Uber, the car-hailing service, is often seen as a major disruptor to the taxi business. It lives in the cloud, and uses mobile technology to support its business model. However, Christensen and his co-authors say Uber does not rise to the title of disruptive innovator. Rather than create a market of consumers that was underserved or never existed before, it merely supplanted an existing demand base. Uber built "a position in the mainstream market first," then subsequently appealed to underserved consumers, they point out. Disruptive innovators, in fact, even tend to first produce products or services that are "inferior" to existing products, and offer them at lower prices. Uber is not considered to be lower quality than existing cab or car services.

An example of a cloud-borne entrant meeting disruptive criteria is the online education  market. The provisioning of courses in a range of subjects -- at low or no cost -- is providing learning opportunities to millions of people who could not afford the expensive tuition rates of today's established universities and colleges. These online entities don't seek to replace existing organizations, but rather to create entirely new markets.
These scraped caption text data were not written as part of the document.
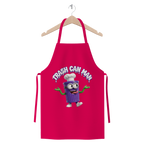 TRASH CAN MAN Premium Jersey Apron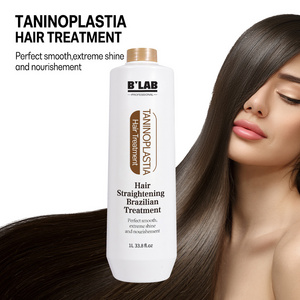 Taninoplastia Hair Treatment Private Label Brazilian Keratin Hair Straightening Cream Nano Keratin Treatment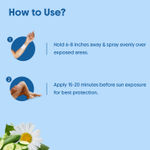 Buy Aravi Organic Body Sunscreen Spray with SPF 50 PA++++ | Provides UVA & UVB Protection | Non-Greasy, Lightweight & Fast Absorbing | Broad Spectrum Sun Protection & Hydration | Sutable for All Skin Types – 100 ml - Purplle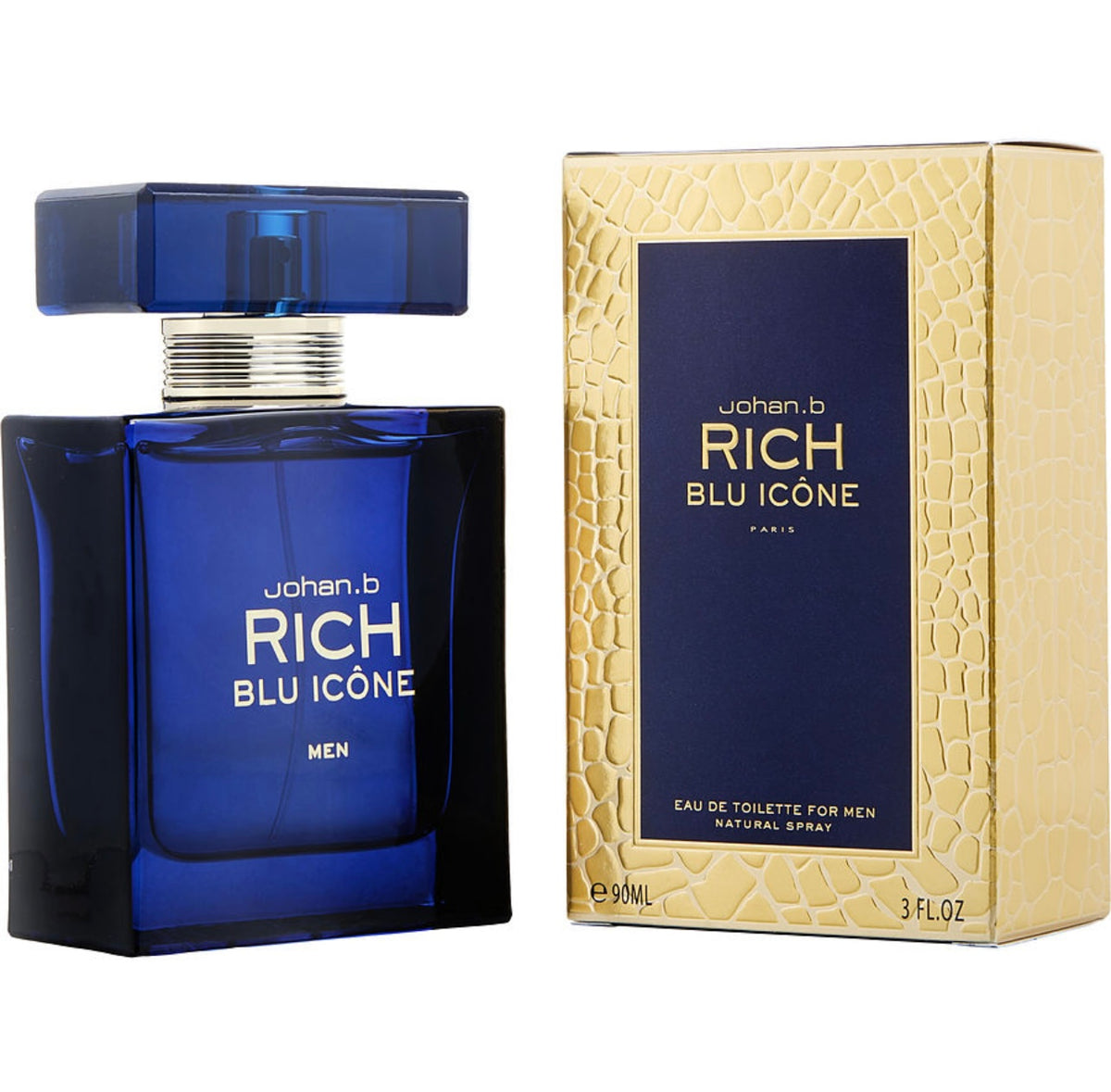 Johan B rich blu icone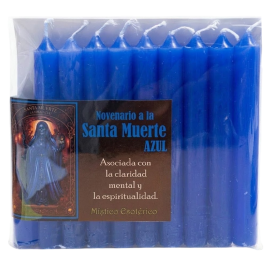 NOVENARIO SANTA MUERTE AZUL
"The question now is whether there is a novel technology or business model that allows new entrants to move upmarket without emulating the incumbents’ high costs—that is, to follow a disruptive path," Christensen and his co-authors observe. "The answer seems to be yes, and the enabling innovation is online learning, which is becoming broadly available. Real tuition for online courses is falling, and accessibility and quality are improving. Innovators are making inroads into the mainstream market at a stunning pace."

Through online programs -- often delivered from existing universities themselves -- higher education and skills training is being made available to those who can't afford tuition fees, or reside in parts of the world with limited access to educational facilities. These low-priced, or often free, online classes are the polar opposite of the current business model of the higher education industry, which is already seen as overpriced and bloated -- running more than $50,000 a year. That's just one important way cloud and related online technologies is disruptive.